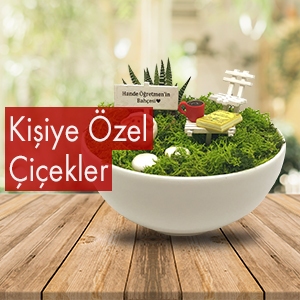 Kişiye Özel Çiçekler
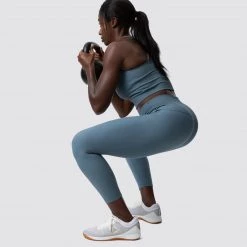 Born Primitive SNQR Limitless Leggings (Smokey Blue) Something Not Quite Right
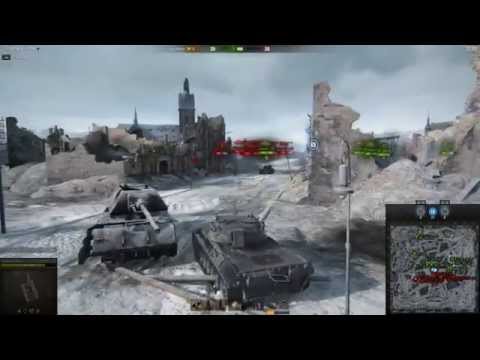Dominacja: Stalowa furia/Deszcz zaopatrzenia World of Tanks W okowach lodu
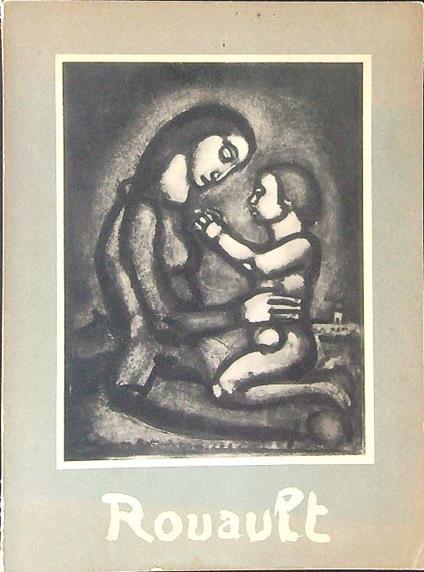 Mostra Rouault - copertina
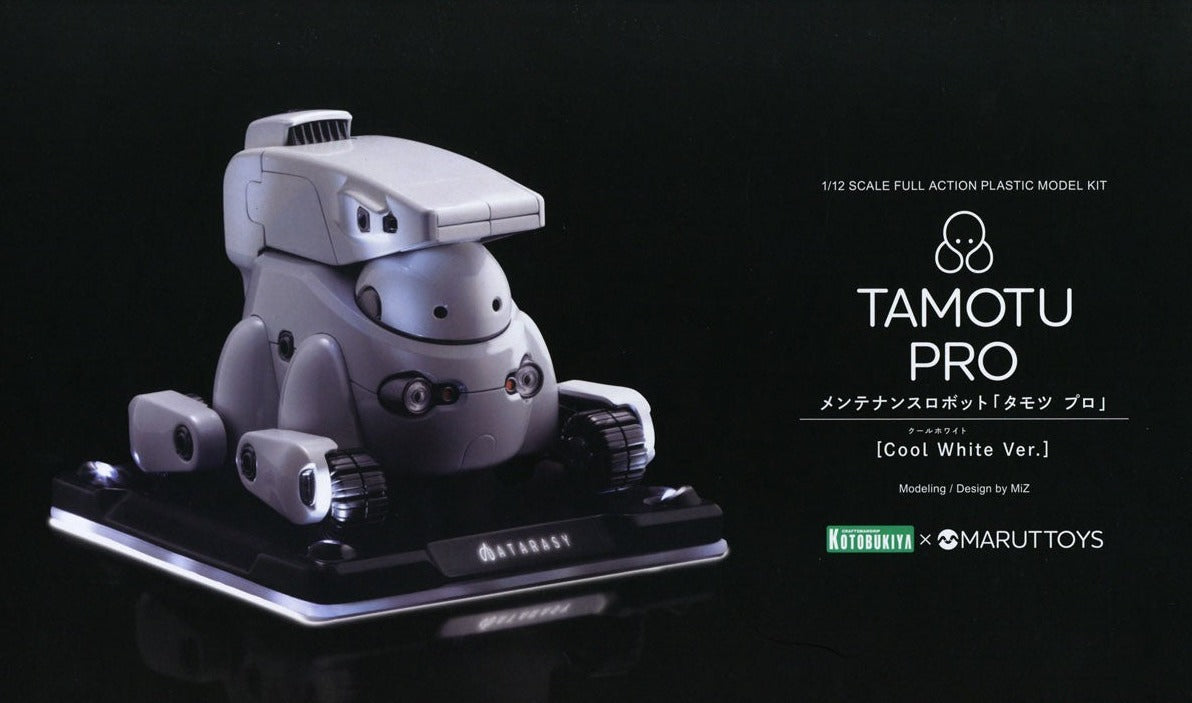 Maruttoys Tamotu Pro (Cool White Ver.) 1/12 Scale Model Kit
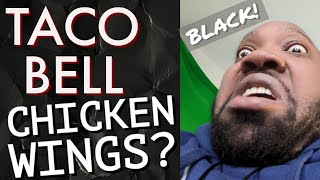 Trying Taco Bell Crispy Chicken Wings Review -  #TacoBell Food Review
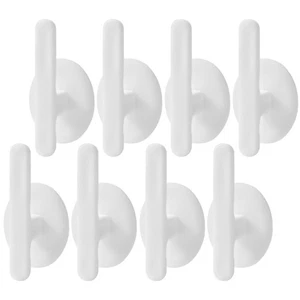 8 Piezas Estante Adhesivo de Cable Organizador de Alambre Clips Escritorio Organizador de Cables - Imagen 1 de 12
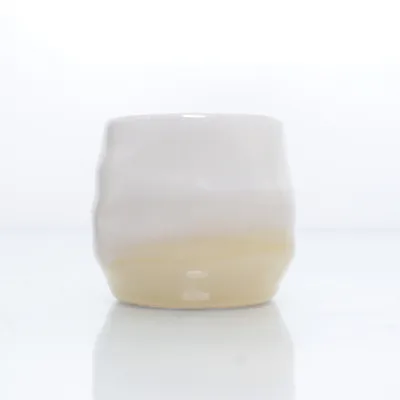 Bloempot (Beige, Geel)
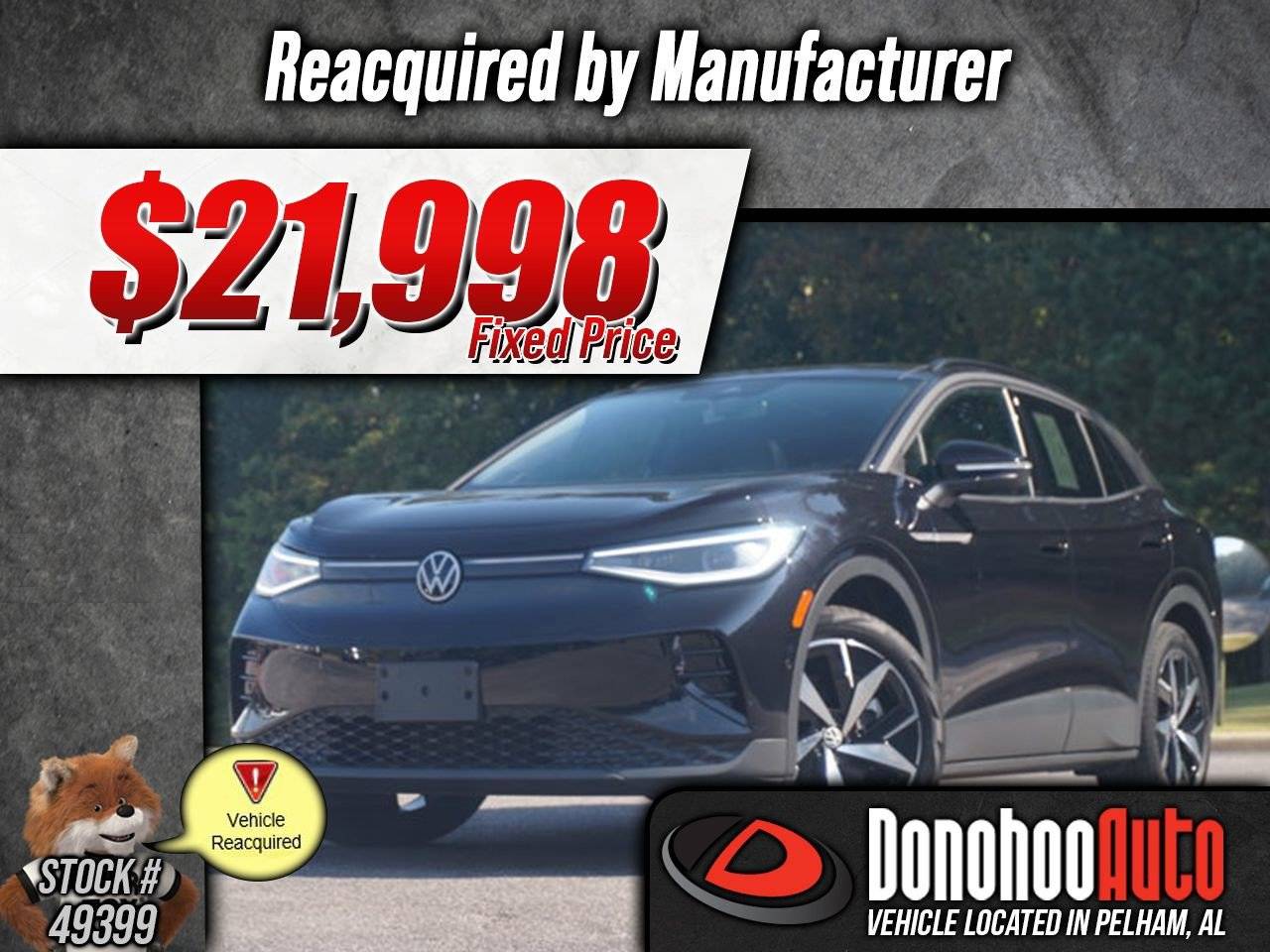 2023 Volkswagen ID.4 S — SUV — 18,940 mi — Pelham, AL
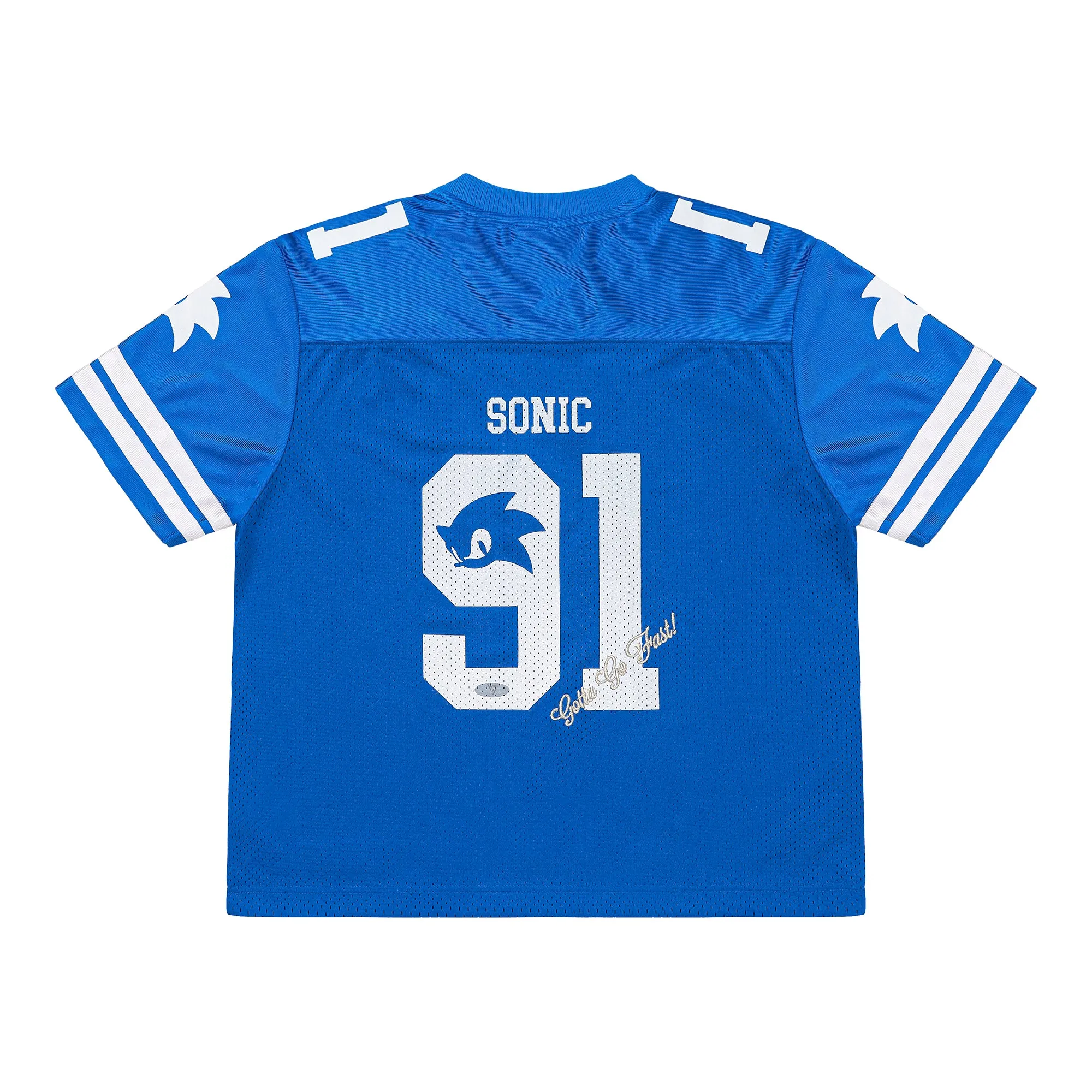 SONIC FOOTBALL JERSEY (BLUE)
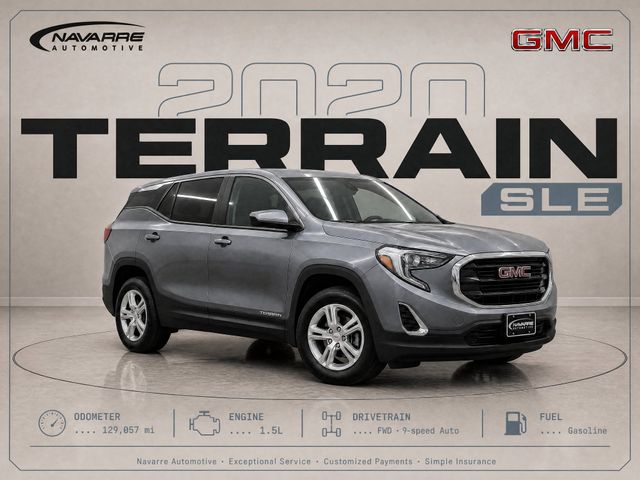  2020 GMC Terrain SLE FWD   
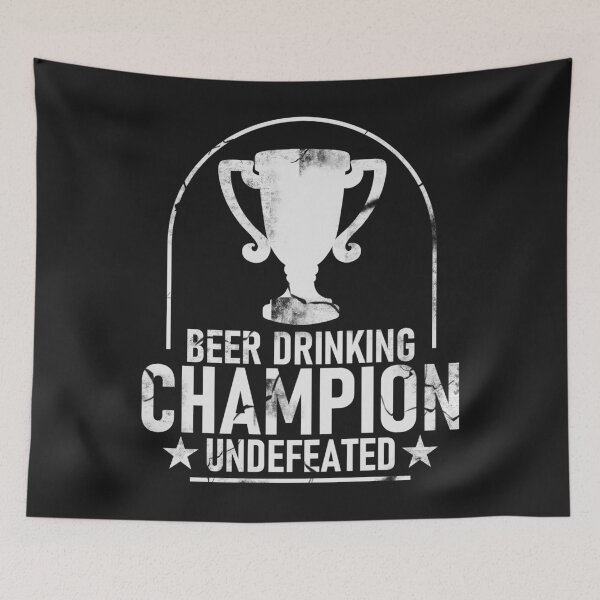 Item preview, Vintage Beer Drinking Champion Trophy designed and sold by FlashCraft Design.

→ Assignment:
The entries should be printed again exactly as written, leaving all pictures out.

→ The completed task:
 Kişiye Özel Çiçekler
 Born Primitive SNQR Limitless Leggings (Smokey Blue) Something Not Quite Right
Dominacja: Stalowa furia/Deszcz zaopatrzenia World of Tanks W okowach lodu
 Mostra Rouault - copertina
 Maruttoys Tamotu Pro (Cool White Ver.) 1/12 Scale Model Kit
 Trying Taco Bell Crispy Chicken Wings Review -  #TacoBell Food Review
 8 Piezas Estante Adhesivo de Cable Organizador de Alambre Clips Escritorio Organizador de Cables - Imagen 1 de 12
 Bloempot (Beige, Geel)
 2023 Volkswagen ID.4 S — SUV — 18,940 mi — Pelham, AL
 SONIC FOOTBALL JERSEY (BLUE)
  2020 GMC Terrain SLE FWD   
 Item preview, Vintage Beer Drinking Champion Trophy designed and sold by FlashCraft Design.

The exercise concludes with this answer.